Start of RECORDS SUPPLIED

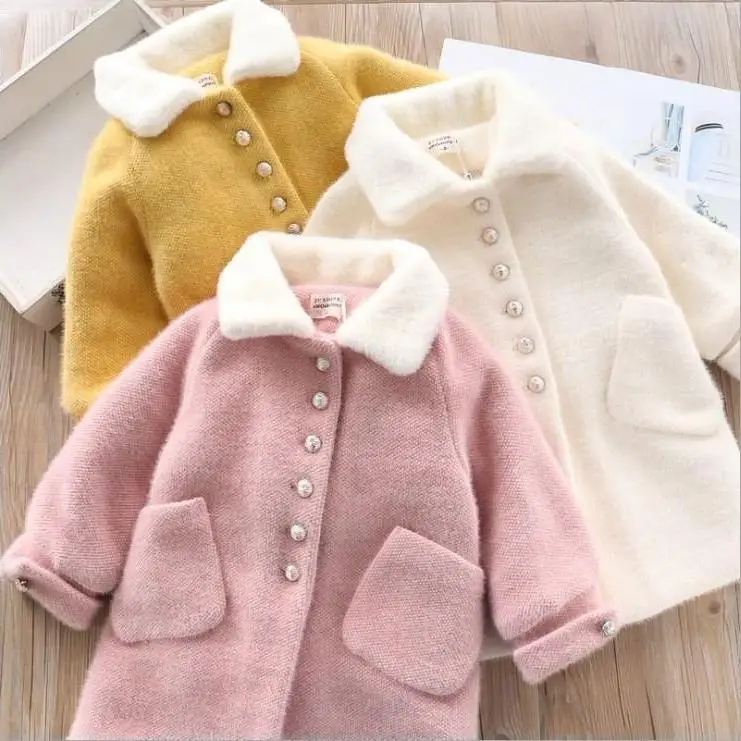 Girls' Mink Velvet Thickened Padded Jacket New Foreign Winter Clothing Children's Medium and Long Woolen Coat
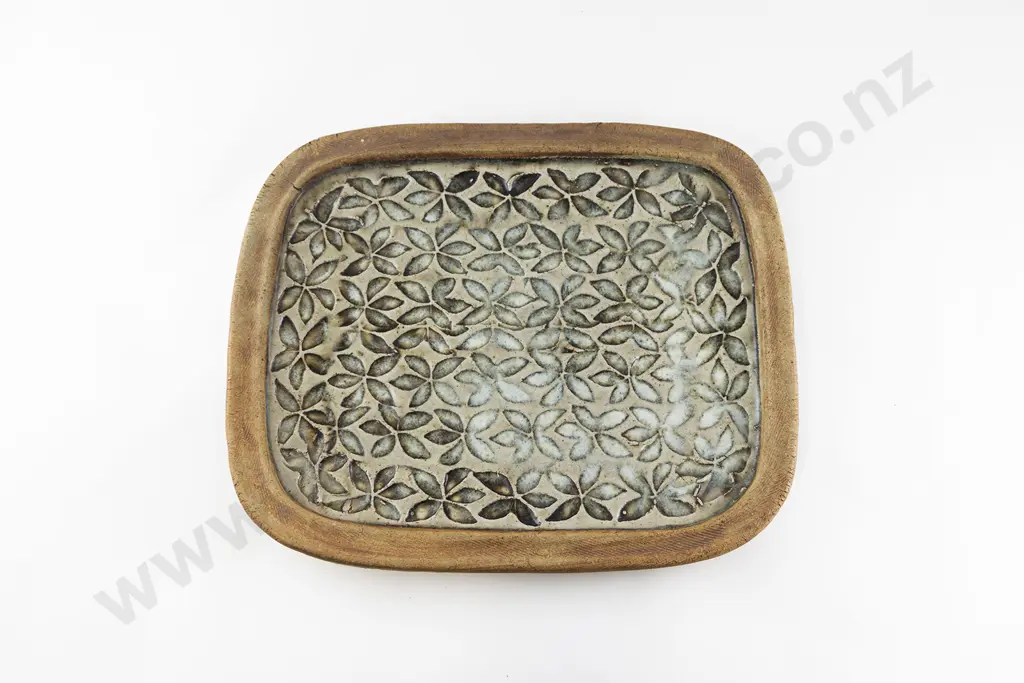 Warren Tippett Rectangular Stamp Decorated Platter Image 1++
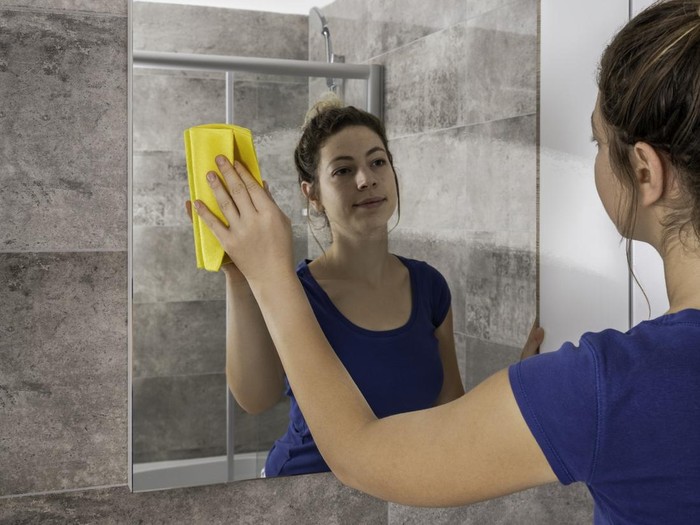 Bathroom, Cleaning, Mirror - Object, Duster, Women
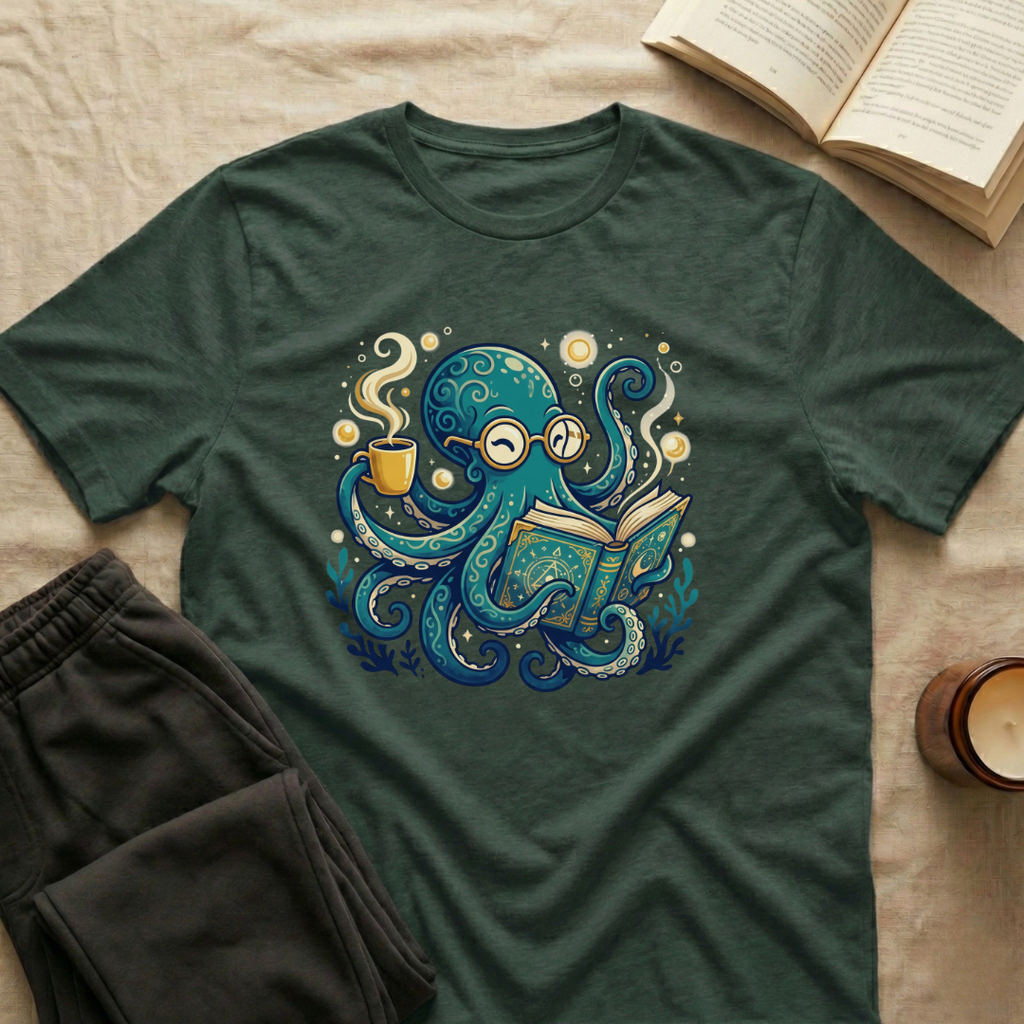 Octopus Reading T-Shirt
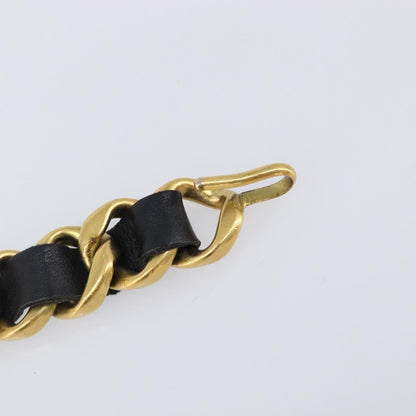 Chanel Vintage Chain Belt Metal and Leather, Black, Leather, Belt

End of RECORDS SUPPLIED

→ **TASK REQUIREMENTS**: Omit the pictures, then set down all the remaining data exactly as given.

→ **TASK OUTPUT**:
 Girls' Mink Velvet Thickened Padded Jacket New Foreign Winter Clothing Children's Medium and Long Woolen Coat
 Warren Tippett Rectangular Stamp Decorated Platter Image 1++
 Bathroom, Cleaning, Mirror - Object, Duster, Women
 Octopus Reading T-Shirt
 Chanel Vintage Chain Belt Metal and Leather, Black, Leather, Belt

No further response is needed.